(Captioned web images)

____________________

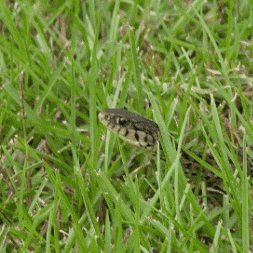 Mosesthebrozes giphygifmaker snake snake in the grass what a snake GIF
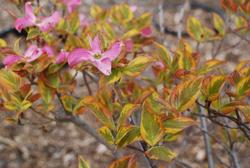 Cornus florida Cherokee Sunset — photo 2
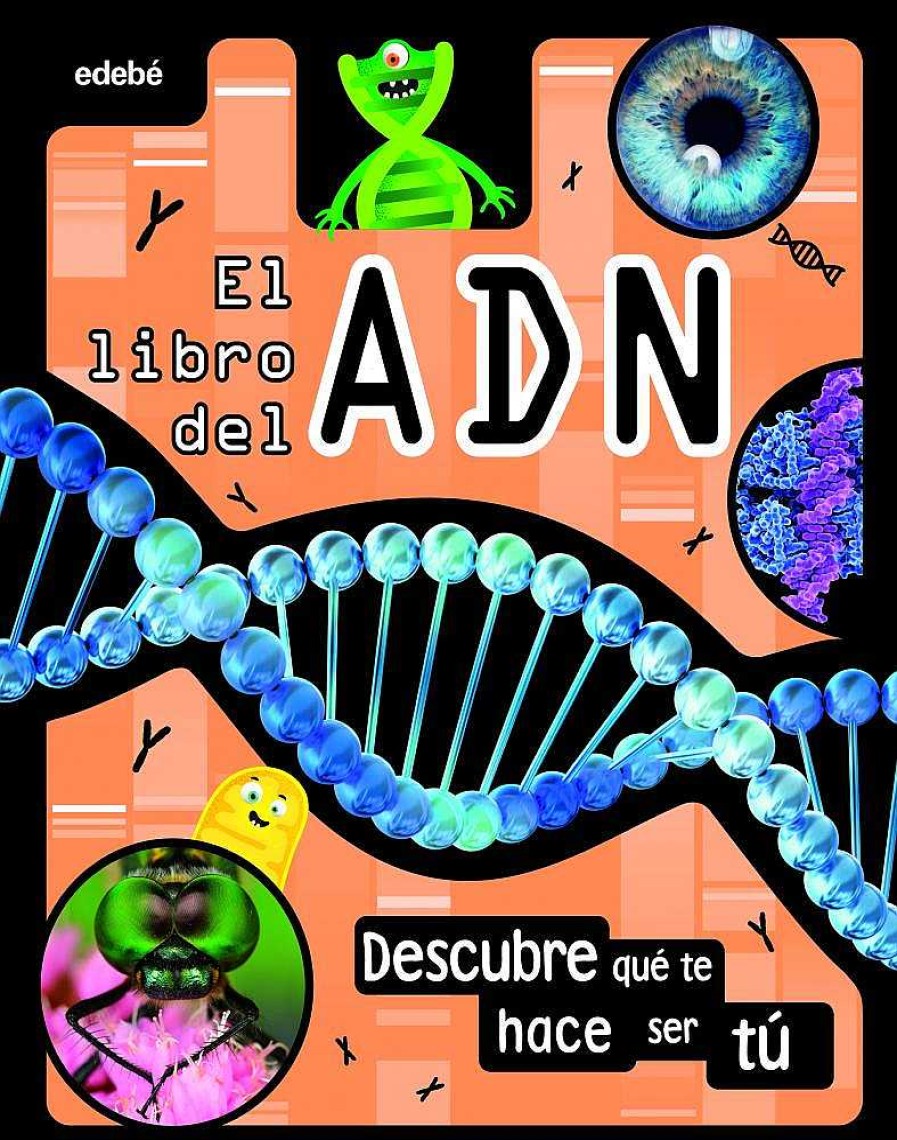 Libros Dideco Cuerpo Humano | El Libro Del Adn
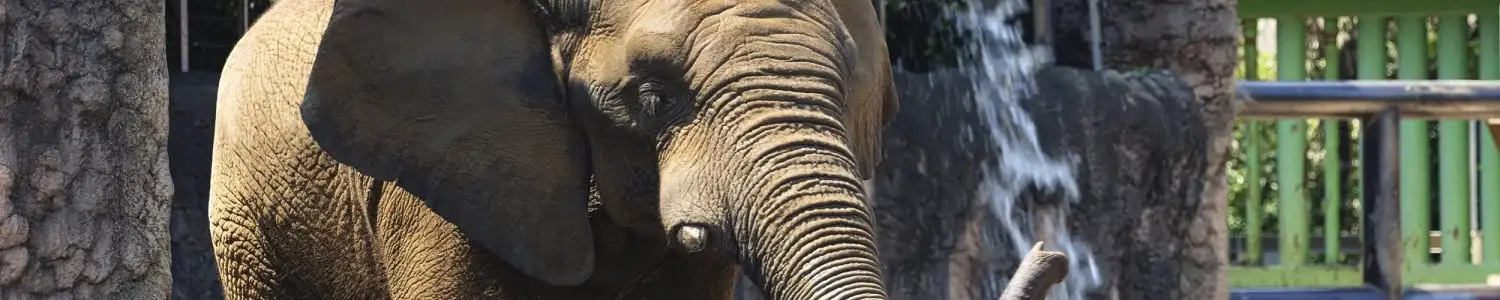 象のフリー写真素材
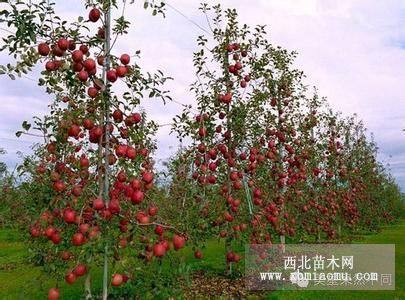 紅肉蘋(píng)果苗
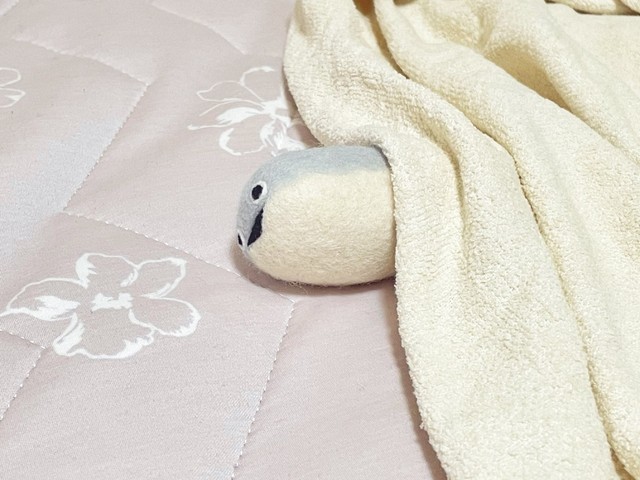 布団で眠るサカバンバスピス（提供：みおっぺさん）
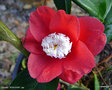 vignette Camélia ' BOKUHAN ' camellia japonica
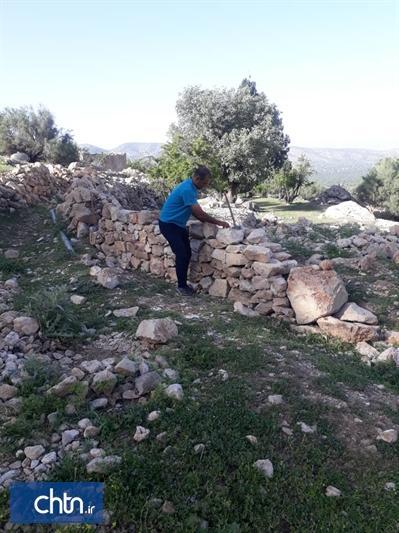 خشکه چینی اطراف سرو کهنسال کلانی در کازرون خشکه چینی اطراف سرو کهنسال کلانی در کازرون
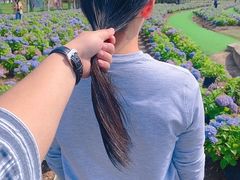 -杭州湾海上花田景区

____________________

# Brief:
Exactly the lines from the one holding "خشکه چینی اطراف سرو کهنسال کلانی در کازرون خشکه" through the last line of the entries, both included, are to be duplicated; leave the pictures out.

# Exercise solution:
 خشکه چینی اطراف سرو کهنسال کلانی در کازرون خشکه چینی اطراف سرو کهنسال کلانی در کازرون
 -杭州湾海上花田景区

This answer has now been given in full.